De ces moi-personnels, partent des lignes de reliance avec l’univers qui est l’auteur de la personne et ce sont ces lignes de reliance qui modifient le courant de la ligne universelle que forme, compose notre personnalité, d’un point quelconque de notre vie, qui est ce qui vient de notre passé et ce qui va vers l’avenir, pouvant partir des lignes de reliance. Supposons que c’est ma règle – un bout, la naissance, et l’autre la mort. Ici la convergence des lignes de toutes sortes qui viennent de partout – et là la divergence de la mort des lignes de toutes sortes qui viennent de partout – et entre les deux, quelque chose qui a modulé ces lignes, qui a ajouté quelque chose.

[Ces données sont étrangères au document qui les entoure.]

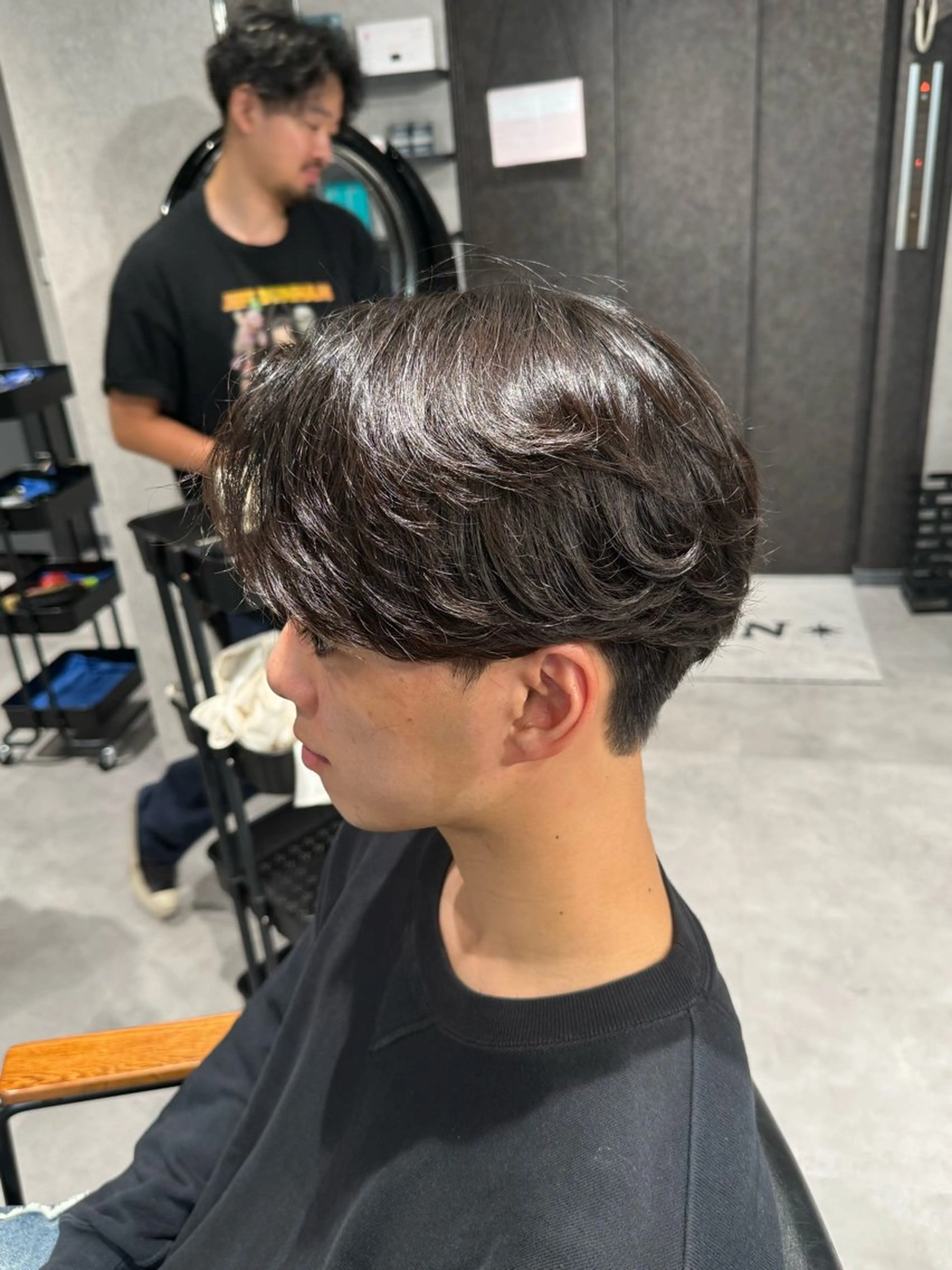 メンズ カット 韓国特化🇰🇷愁斗 センターパートパーマのヘアスタイル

Pour que cette adjonction se fasse, il peut y avoir des faits immédiats, ceux de la vie matérielle – mais pour que cette adjonction soit de grande qualité, pour que nous soyons vivants spirituellement, il faut qu’il y ait des reliances tout autour – comme un champ de forces – et ces reliances donnent aux courants qui passent par le moi–personnel une qualité qu’il n’avait pas auparavant.

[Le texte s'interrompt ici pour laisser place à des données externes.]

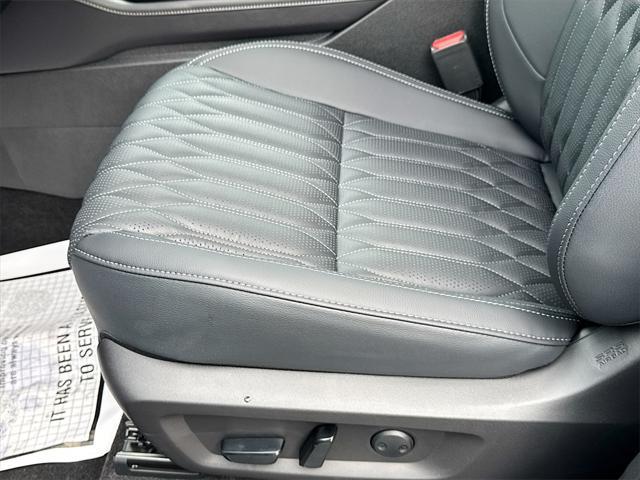 new 2025 Mitsubishi Outlander car, priced at $30,078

Pour que le moi ait une plus grande qualité, puisqu’il va diverger, se disperser et se décomposer et pour que le courant, en formant le point présent, soit capable de recevoir quelque chose qui n’existait pas auparavant, il faut qu’il y ait œuvre créatrice. Cette œuvre créatrice n’est pas seulement constituée des objets qu’on va fabriquer, elle est créatrice par une qualité de pensée apportée par un courant de pensée, par exemple. Si nous avons un courant de pensée médiocre, de mésentente, de tristesse, etc. ,nous prions, nous tentons de nous recueillir pour apporter à ce courant de pensée des qualités qu’il n’avait pas auparavant, et il devient plus beau. C’est un apport spirituel fait à la vie universelle et nous sommes capables de faire cela bien mieux que les tortues, les insectes ou les fourmis. Nous avons donc à agir sur ce plan là et notre action mentale est donc quelque chose de très important. Chacune de nos personnalités est appelée à assurer ces reliances.
Dans un schéma, qui est, en quelque sorte, une vision aussi parfaite que possible d’un certain nombre de personnalités convenablement reliées, vous retrouvez ces différentes personnalités séparées les unes des autres, avec chacune une action particulière et une reliance. Si je prends l’action à son maximum de qualité, je prendrai ici des personnes toutes parfaites ; leur reliance va aller jusqu’au JE SUIS Universel et revenir à la personnalité. Vous remarquerez que cette reliance crée, en quelque sorte, ce pôle JE SUIS QUI SUIS, et si vous suivez la ligne d’une personnalité, vous remarquez qu’elle va croiser les lignes de toutes les autres personnalités – où qu’elles soient – celles d’abord, qui sont les plus immédiates et ensuite celles-là et ensuite celles-ci, toutes vont être touchées dans les deux sens du courant, montant et descendant. Et toutes participent au même JE SUIS , bien qu’elles soient séparées les unes des autres – ayant chacune leur-moi personnel, elles ont le même JE SUIS, le même sens – et dans la mesure où elles ont le même JE SUIS, le même sens, elles sont toutes reliées les unes aux autres. C’est-à-dire que si on est relié au Père, on est relié à tous, il y a relation avec l’ensemble des êtres humains, et par conséquent, notre action, notre œuvre – si limitées en apparence – à un moment particulier de notre existence, constituent une œuvre qui se situe dans nos vies personnelles, dans la vie personnelle de nos voisins, dans la vie personnelle de l’humanité, dans la vie terrestre et dans la Vie Universelle.
Ce que nous accomplissons au cours d’une méditation matinale, ce n’est pas simplement une espèce d’enrichissement égoïste de nos personnalités.